Captioned web images:
····················
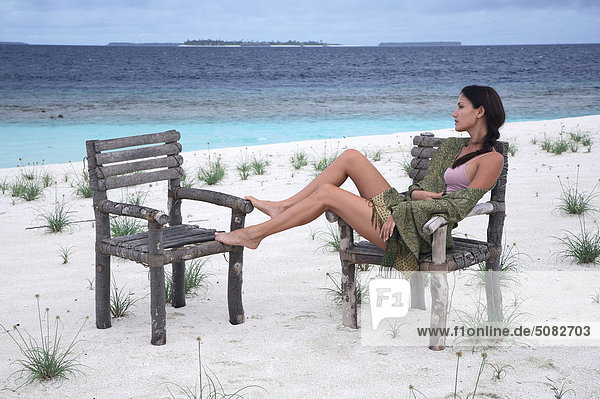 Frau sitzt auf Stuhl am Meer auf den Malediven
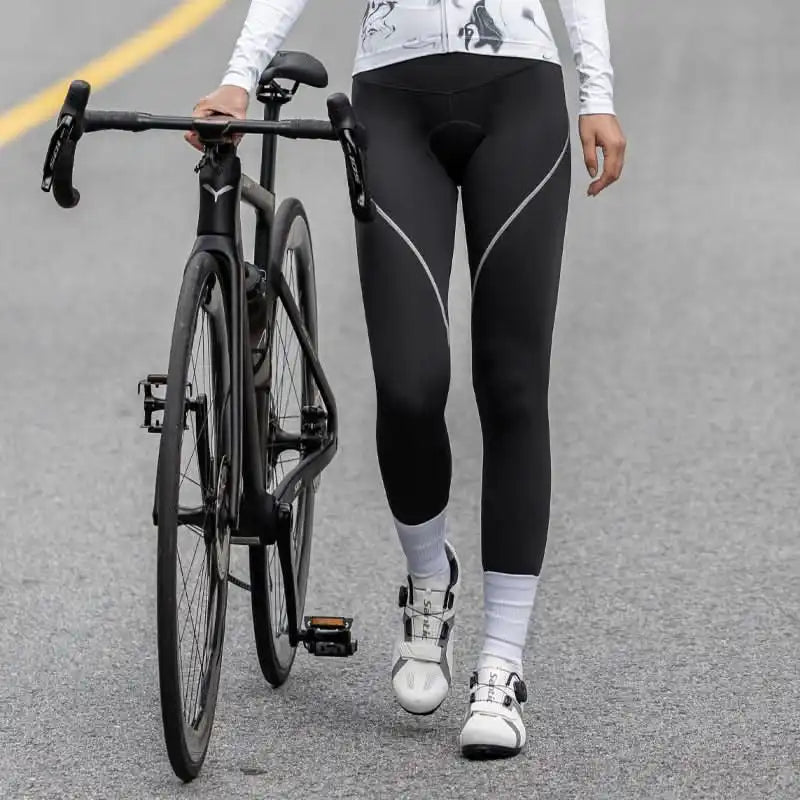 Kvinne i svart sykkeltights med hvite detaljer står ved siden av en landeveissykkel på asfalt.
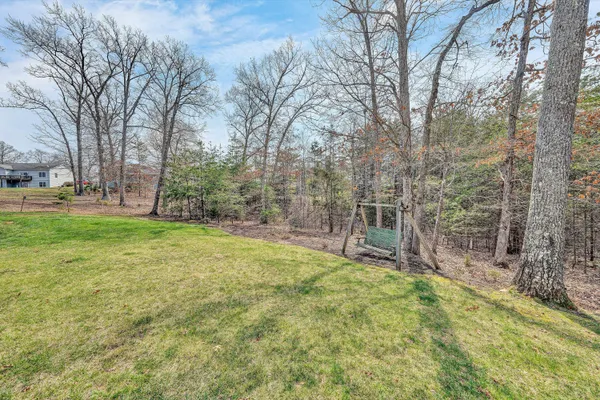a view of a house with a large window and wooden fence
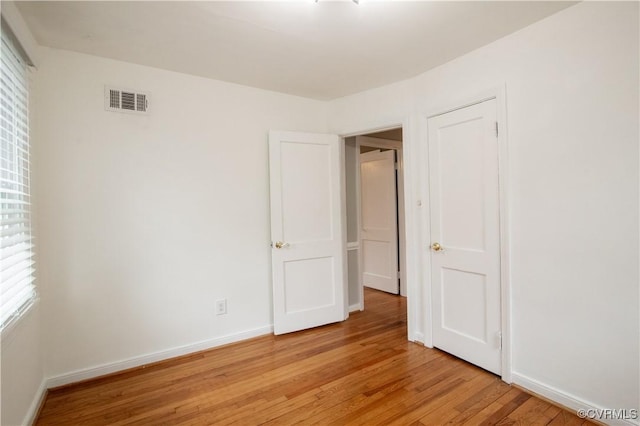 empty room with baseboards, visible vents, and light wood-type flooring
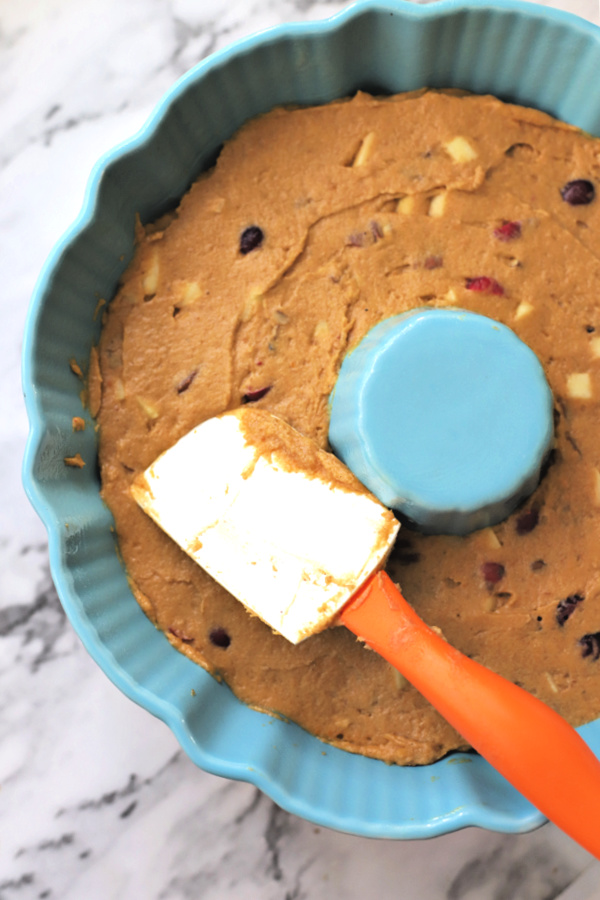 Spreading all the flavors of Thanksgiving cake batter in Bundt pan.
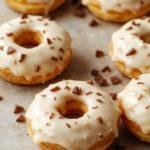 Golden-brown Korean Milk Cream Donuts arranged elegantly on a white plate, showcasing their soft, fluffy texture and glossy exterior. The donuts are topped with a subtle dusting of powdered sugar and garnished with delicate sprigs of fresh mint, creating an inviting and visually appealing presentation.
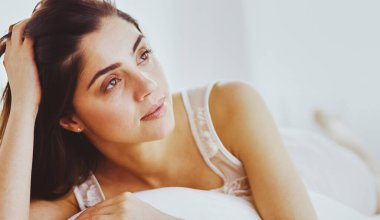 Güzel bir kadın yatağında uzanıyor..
····················
→ **Exercise description**: Work from the entries above. Set down exactly and only the lines from the line with "Kvinne i svart" to the line with "Spreading all the", both included, and leave the pictures out.

→ **Solution**:
 Kvinne i svart sykkeltights med hvite detaljer står ved siden av en landeveissykkel på asfalt.
a view of a house with a large window and wooden fence
 empty room with baseboards, visible vents, and light wood-type flooring
 Spreading all the flavors of Thanksgiving cake batter in Bundt pan.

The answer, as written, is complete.